Joy for the Miserable Ones

     I just saw the motion picture, Les Miserables, and I am compelled to write about it. It is so loaded with spiritual themes that I could spend days unpacking.
     The most obvious theme, it seems, is forgiveness and redemption. Jean Valjean served 19 years of hard labor for stealing bread (to save his family) and for repeated escape attempts. Upon his release, he is consigned to probation and must report regularly or face life imprisonment as a repeat offender. Moreover, he must carry around papers documenting that he is a "danger to society." Nobody will hire him. Nobody will help him. Nobody will give him a second chance.
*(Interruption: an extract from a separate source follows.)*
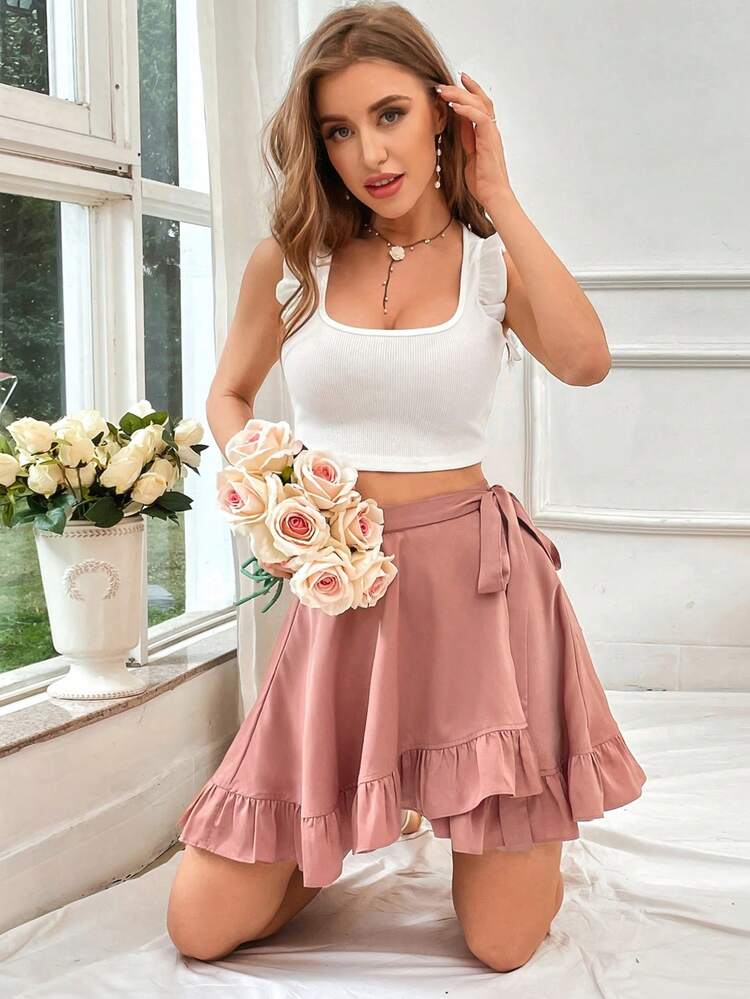 Women's Solid Color Side Tie Ruffle Hem Skirt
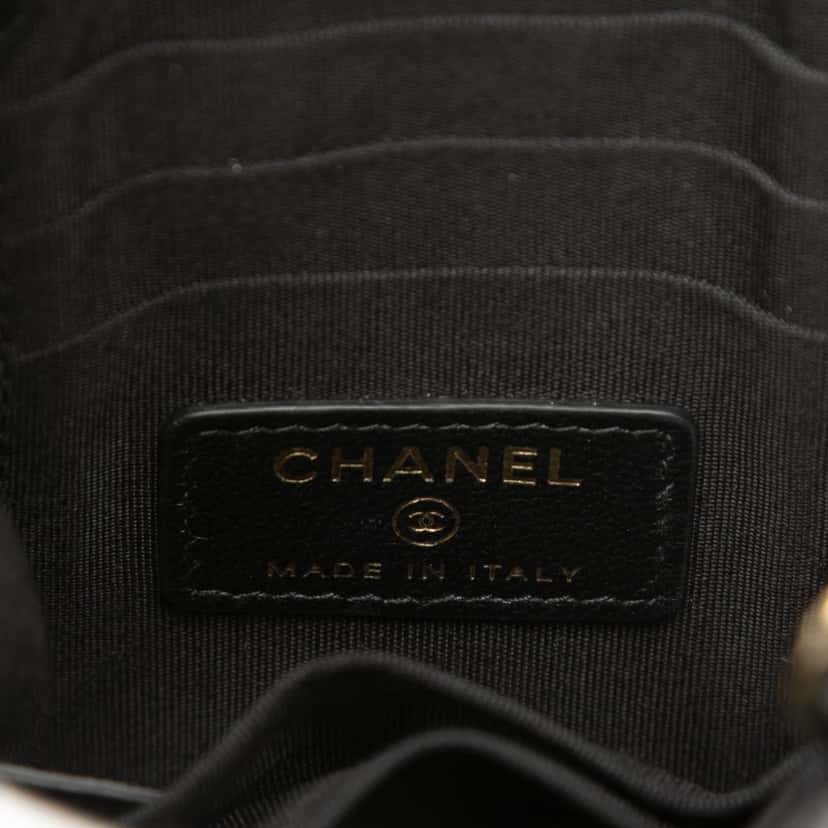 Chanel Tweed and PVC Phone Clutch with Chain Black Very good condition - Box View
     JeanValjean eventually shreds his papers and goes into hiding, only to re-emerge nine years later as a successful businessman, in fact mayor of a small town! His past, though, personified in officer Javert, never lets him rest. Once Javert becomes aware that Jean Valjean is indeed still alive, he commits his life to bringing Jean Valjean to "justice."
    When I think about this theme, I think about Paul's words in Second Corinthians 5:17: "If anyone is in Christ, there is a new creation. The old has gone; the new has come." I think about how hard it is for us to allow others (and ourselves) to live into this reality.
     Jean Valjean paid his debt to society, and then some, and yet the world would not let his "sin" go. It followed him like a ghost, robbing him of a normal life and, in fact, robbing society of his gifts for leadership! 
     We do the same thing today in the ways we label ex-convicts, for sure. A friend of mine who is involved with prison ministry puts it like this. We have all done something worthy of imprisonment at some time in our life. The only difference with ex-cons is that they were caught!
    This argument breaks down after a point, but I get the idea. We are all sinners! "There is no one righteous. No, not one!" (Romans 3:10) 
     I am not talking about abandoning our justice system, nor am I making a judgment on its merits and deficiencies. What I am talking about is the attitudes we have toward those who have been released from "prison," whether that is the physical place with iron bars and concrete or the invisible prisons in which we have all served time.
    And sometimes, it is we who refuse to forgive ourselves for crimes/sins of the past. At some point, it is time to let it go and embrace the new creation that we are in Jesus Christ.